PALERMO – Tutto pronto per l’avvio del dissalatore sull’isola di Vulcano. Il governo Musumeci ha sbloccato un iter fermo da anni e a breve l’impianto tornerà in funzione. Nei giorni scorsi, la struttura è stata messa temporaneamente in funzione, prospettando così la fine imminente dei disagi dei residenti per l’approvvigionamento idrico. Non appena entrerà a regime, infatti, l’impianto sarà in grado di rendere l’isola delle Eolie autonoma, azzerando la fornitura proveniente dalle navi-cisterna.

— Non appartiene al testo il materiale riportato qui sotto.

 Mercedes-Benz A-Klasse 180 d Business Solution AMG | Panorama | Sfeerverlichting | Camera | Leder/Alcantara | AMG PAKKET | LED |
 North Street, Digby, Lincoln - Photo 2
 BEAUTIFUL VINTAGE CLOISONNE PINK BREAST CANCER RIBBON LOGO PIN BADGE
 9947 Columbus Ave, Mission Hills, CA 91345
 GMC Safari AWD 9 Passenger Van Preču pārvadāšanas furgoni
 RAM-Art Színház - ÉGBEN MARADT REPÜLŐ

Il dissalatore sarà in grado di produrre circa quattrocentomila metri cubi l’anno di acqua, assicurando una portata di circa venticinque litri al secondo. I test hanno avuto esito positivo. I tecnici hanno pure bevuto i primi bicchieri d’acqua e hanno constatato il perfetto funzionamento.
Adesso verranno effettuate le prove “in contraddittorio” tra la Veolia Water Technologies Italia spa, la società capogruppo dell’associazione temporanea di imprese che ha realizzato l’impianto, il dipartimento Acqua e rifiuti della Regione Siciliana e la ditta che effettuerà le analisi.

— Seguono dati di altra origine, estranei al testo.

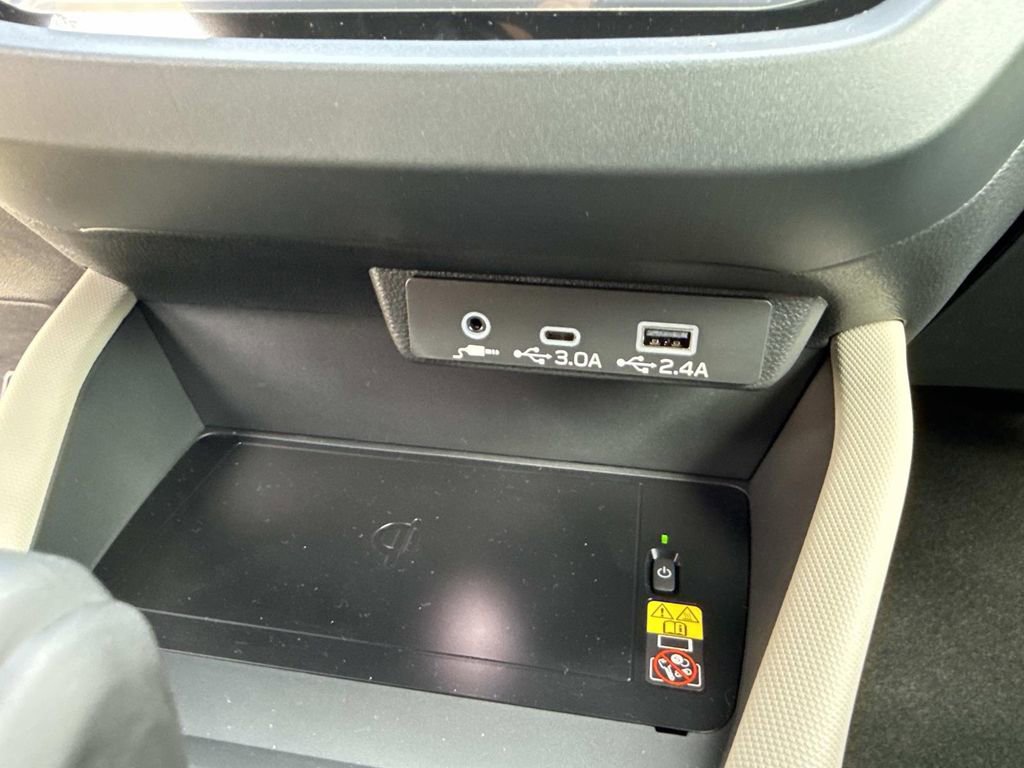New 2025 Subaru Forester Limited image 32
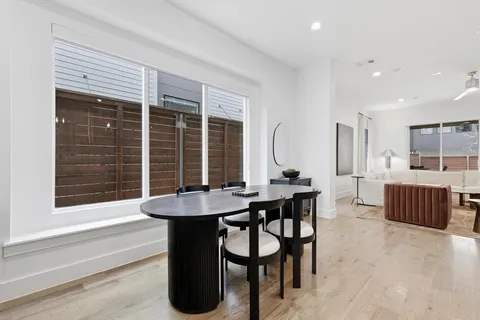 $825,000 | 1925 North Prairie Avenue, Dallas, TX 75204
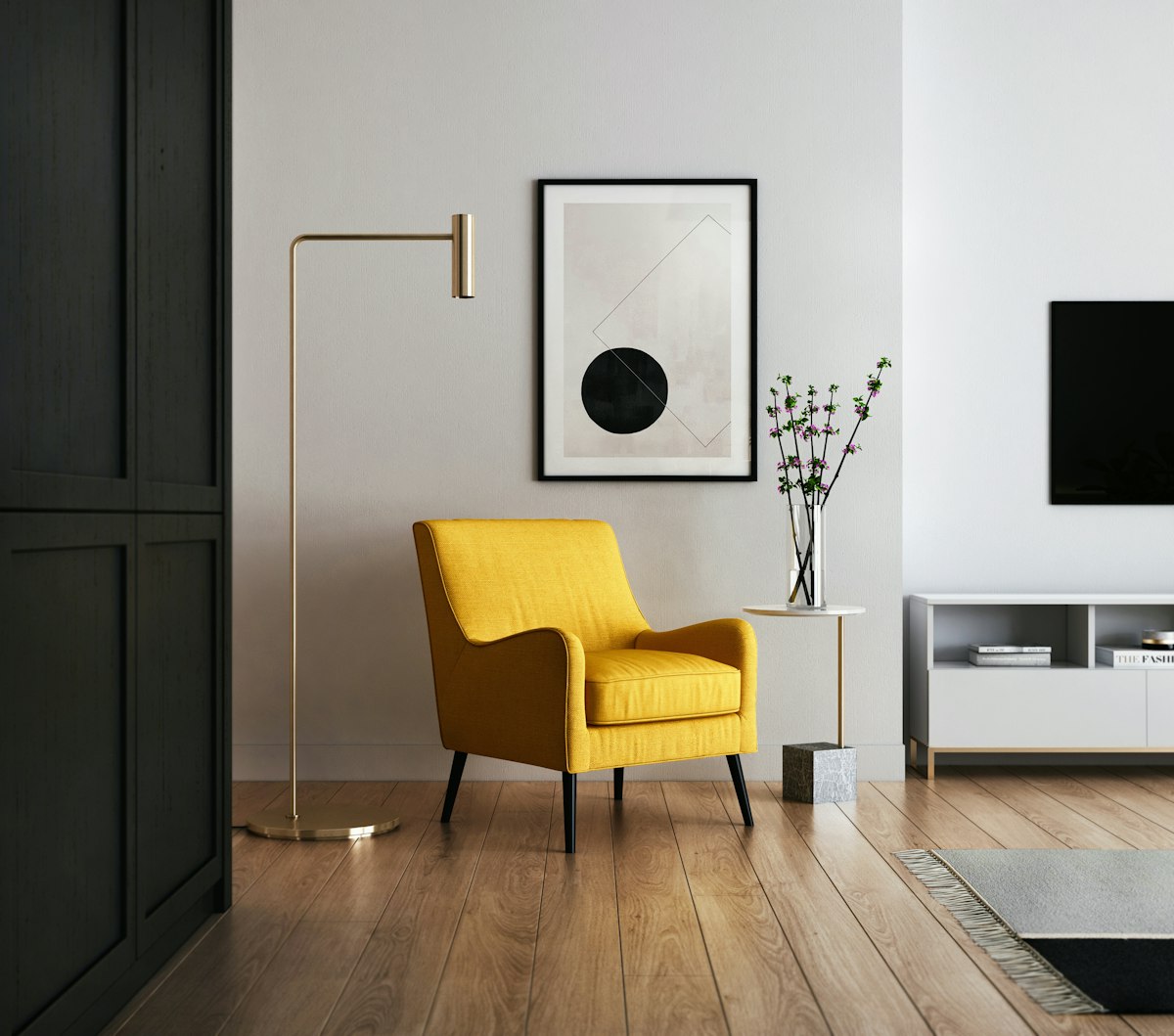 Sillón amarillo junto a una lámpara de pie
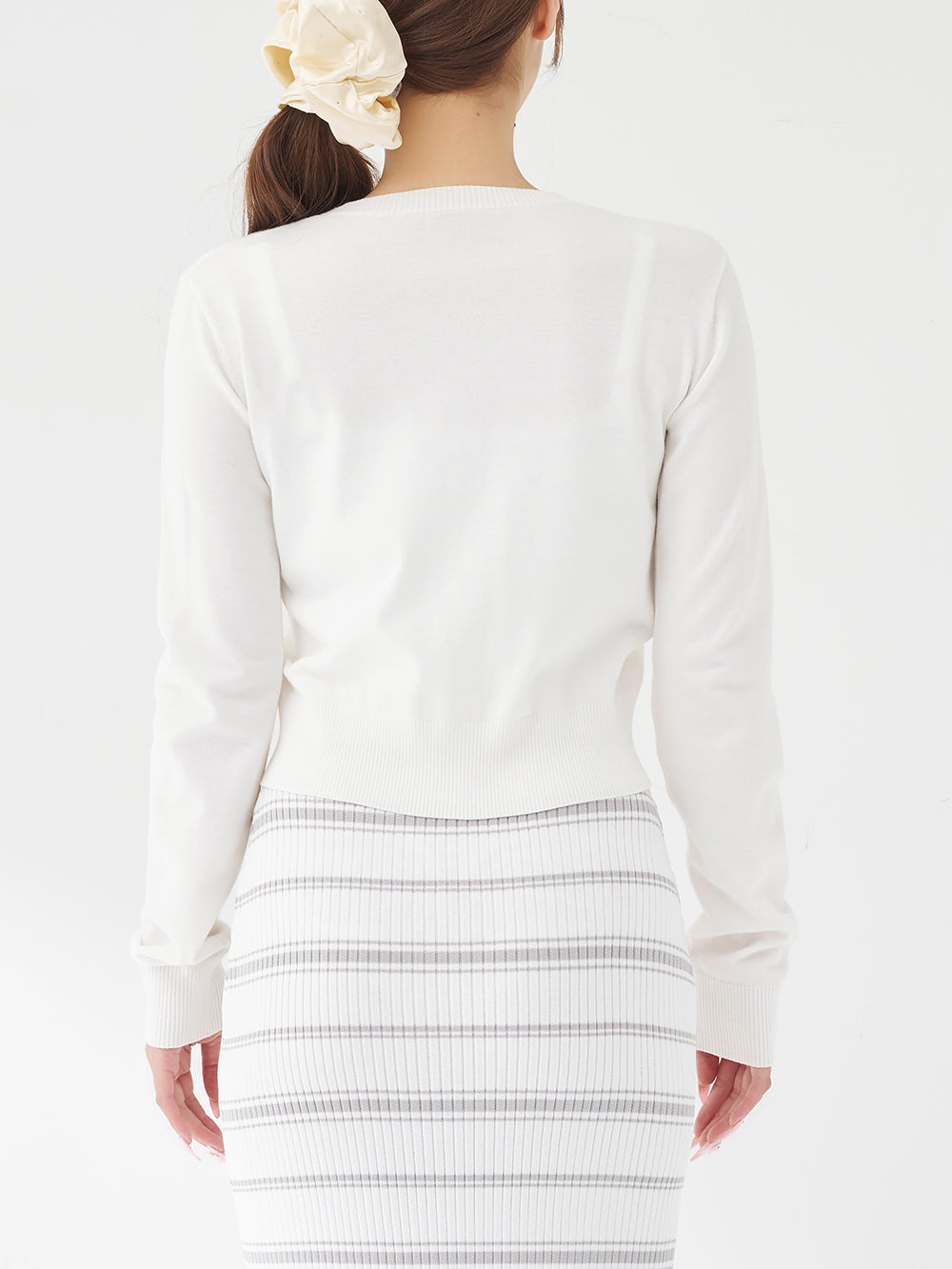 モデル：156cm（着用サイズ：FREE　着用カラー：WHT）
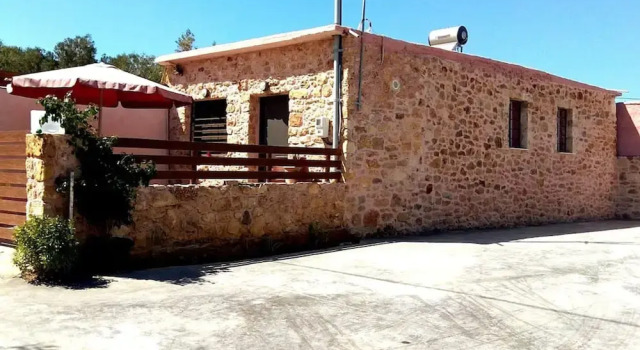 Farmhouses. 5 Guests 2 Bedrooms 3 Beds1 Bathroom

Successivamente, l’Asp di Messina effettuerà le prove di potabilità per verificare che i valori del liquido erogato rientrino nei parametri previsti dalla legge. Secondo le stime dei tecnici, verosimilmente per la fine di ottobre, pertanto, l’acqua potrà essere immessa in rete.
L’iter per la messa in funzione del dissalatore era bloccato da diversi anni per un contenzioso con la ditta che aveva vinto la gara per il progetto, col rischio di creare danni ambientali ed economici sia ai territori isolani sia alle casse della Regione. La transazione approvata dalla giunta regionale prevede il pagamento di quasi tre milioni di euro e in cambio l’Ati si impegna a rinunciare alle riserve e agli interessi, oltre a provvedere a titolo gratuito alla gestione temporanea per dodici mesi del dissalatore di Vulcano e dei depuratori di Lipari e Vulcano. Una proposta che ha ricevuto il parere favorevole Avvocatura dello Stato e che garantisce un consistente risparmio per le casse regionali, stimabile in oltre 13 milioni di euro.

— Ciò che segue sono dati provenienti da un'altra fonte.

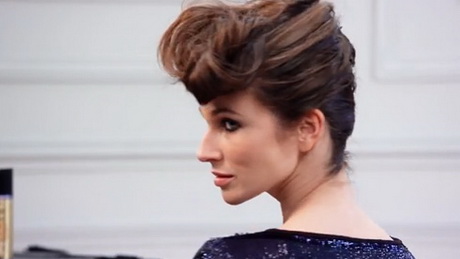 Coiffure chignon rock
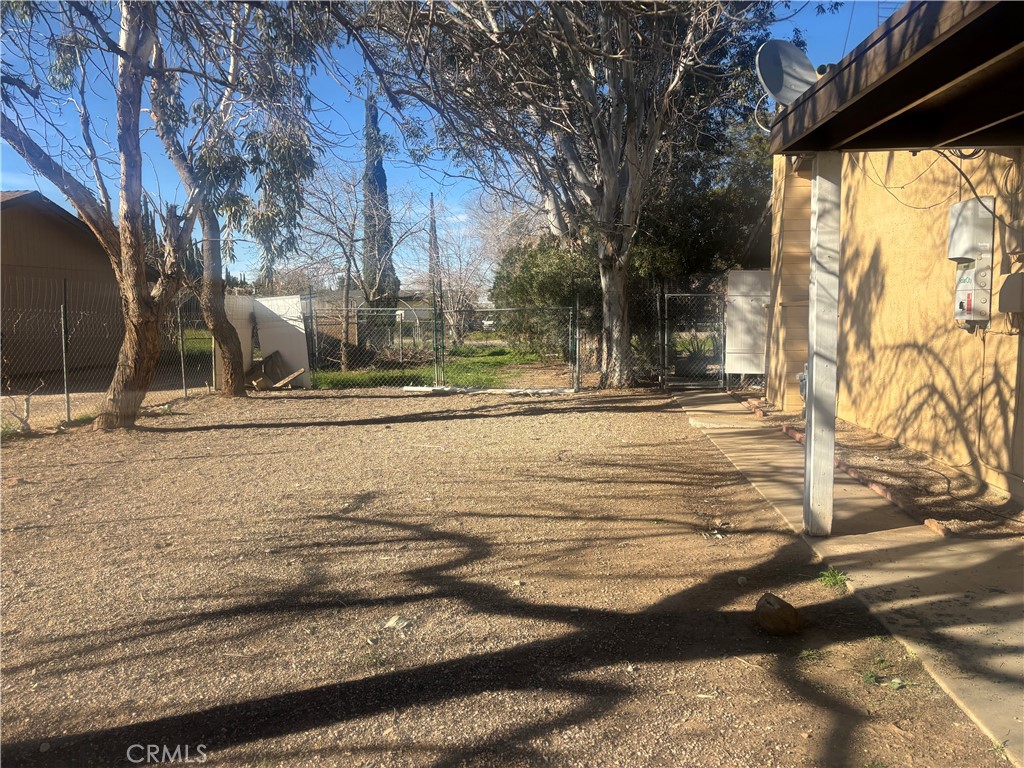 14615 El Cariso Road Victorville, CA 92392 - Photo 18 of 22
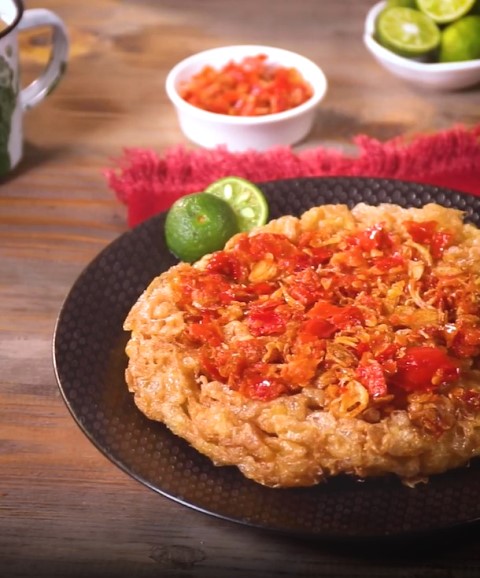 Ini resep telur dadar dengan sambal bawang yang pastinya sedap menggoda. (Foto: Dok. Endeus TV)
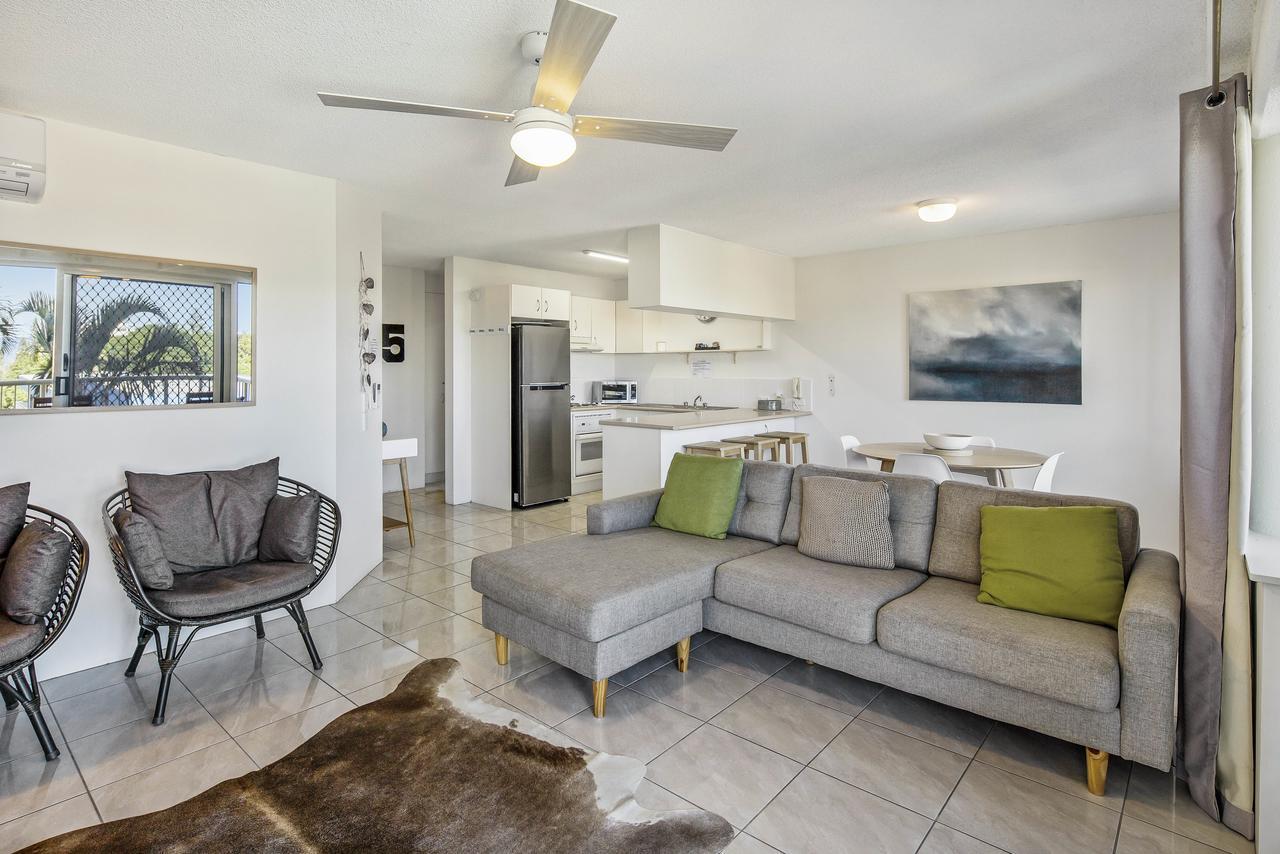 Cheltenham Apartments Caloundra Buitenkant foto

IL FUTURO NELLA DISSALAZIONE
Attualmente la Sicilia resta una delle poche regioni a contribuire in maniera sostanziosa a quel 0,1% di prelievo nazionale che arriva dalla dissalazione. Nell’Isola, stando agli ultimi dati disponibili rilasciati dall’Istat, il prelievo più importante arriva dai pozzi (419 milioni di metri cubi all’anno), seguito dalle sorgenti (169 milioni) e quindi dai bacini artificiali (113 milioni). La dissalazione delle acque marine o salmastra vale 6,8 milioni, cioè l’1% del totale del prelievo isolano. Per comprendere quanto l’Italia sia indietro in questo processo, è sufficiente ricordare che il basso prelievo siciliano dalla dissalazione vale comunque circa il 90% del totale nazionale.
IL MODELLO ISRAELE
Il modello più riconosciuto è quello di Israele che, dopo la crisi idrica del 2008, ha avviato un programma intenso di sensibilizzazione all’utilizzo, ma anche sistemi di riutilizzo delle acque reflue per l’irrigazione e di potenziamento delle infrastrutture dedicate alla desalinizzazione. Nel 2013 è stato inaugurato l’impianto di Sorek, il più grande del mondo che sorge a pochi chilometri da Tel Aviv e che produce ogni anno 150 milioni di metri cubi di acqua. Prima di questo, tra gli altri, c’erano stati quelli di Askelon (127 milioni di metri cubi), Hadera (140 milioni) e ancora diversi ne sono previsti per il prossimo futuro. Il Paese, che è uno dei pochi dell’area a non patire l’emergenza idrica, ha introdotto tecnologie già esistenti e le ha migliorate sulla base delle proprie esigenze. Gli ultimi dati dicono che circa la metà dell’acqua potabile arriva dalla desalinizzazione, mentre l’obiettivo ambizioso è di puntare al 70% entro il 2050.